Rhian Ellis's debut novel, After Life, opens with a wonderfully promising first line: "First I had to get his body into the boat." Ah, one thinks: a body, a boat, a murderous narrator. What more could one hope for?

Lots, as it turns out.

The murderous narrator, Naomi Ash, is a twenty-one-year-old medium who lives in America's largest community of mediums and sundry spiritualists (Train Line, New York), and the boat into which she's struggling to get the body (her boyfriend's, we soon learn; name: Peter) belongs (in a way) to her mother, who is herself a medium who fled New Orleans a decade ago (with Naomi in tow) when the cops hassled her too much.

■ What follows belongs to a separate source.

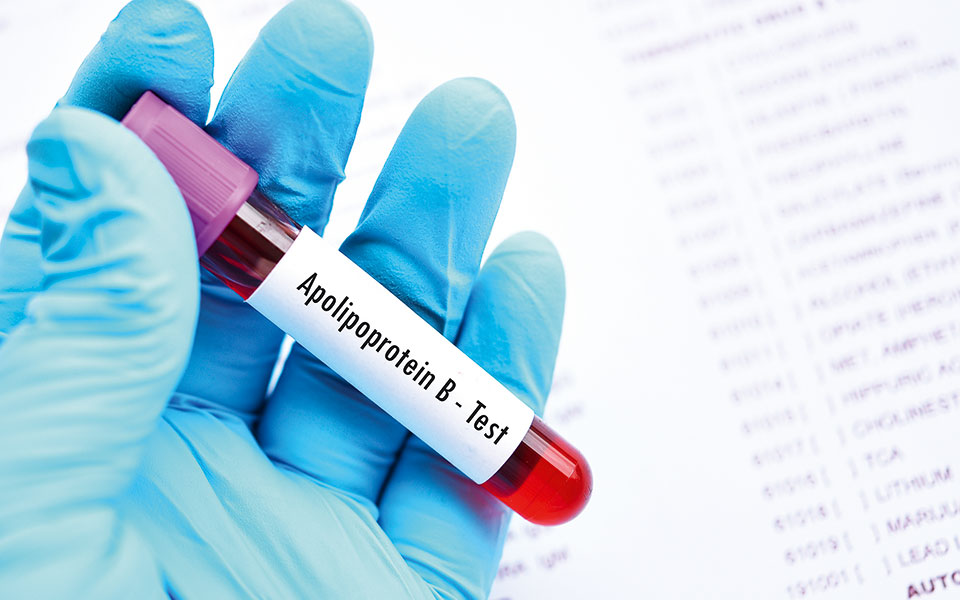 πέρα-από-την-κακή-χοληστερόλη-μια-πι-562068007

I know what you're thinking: Um, all right, sure. But what about the body?

Motive. Victim's full identity. Victim's precise relationship to the murderer. It's the standard stuff you expect to be handed over rather quickly, yes?

Not this time.

Instead, Naomi loads her victim's body into the boat, rows it to a discreet spot, buries it on the shore and lets it lie undisturbed while she tells us how, precisely, she came to be a popular medium (with real visions, no less) in Train Line. It's a cunning trick on Ellis's part, of course, because Naomi's story humanizes her so completely that by the time she actually gets to the motive behind the murder (to say nothing of the murder itself) she's fully two-thirds into her story, and she's won us over. For a woman who opens her story with a dead body, she's a whoppingly appealing character.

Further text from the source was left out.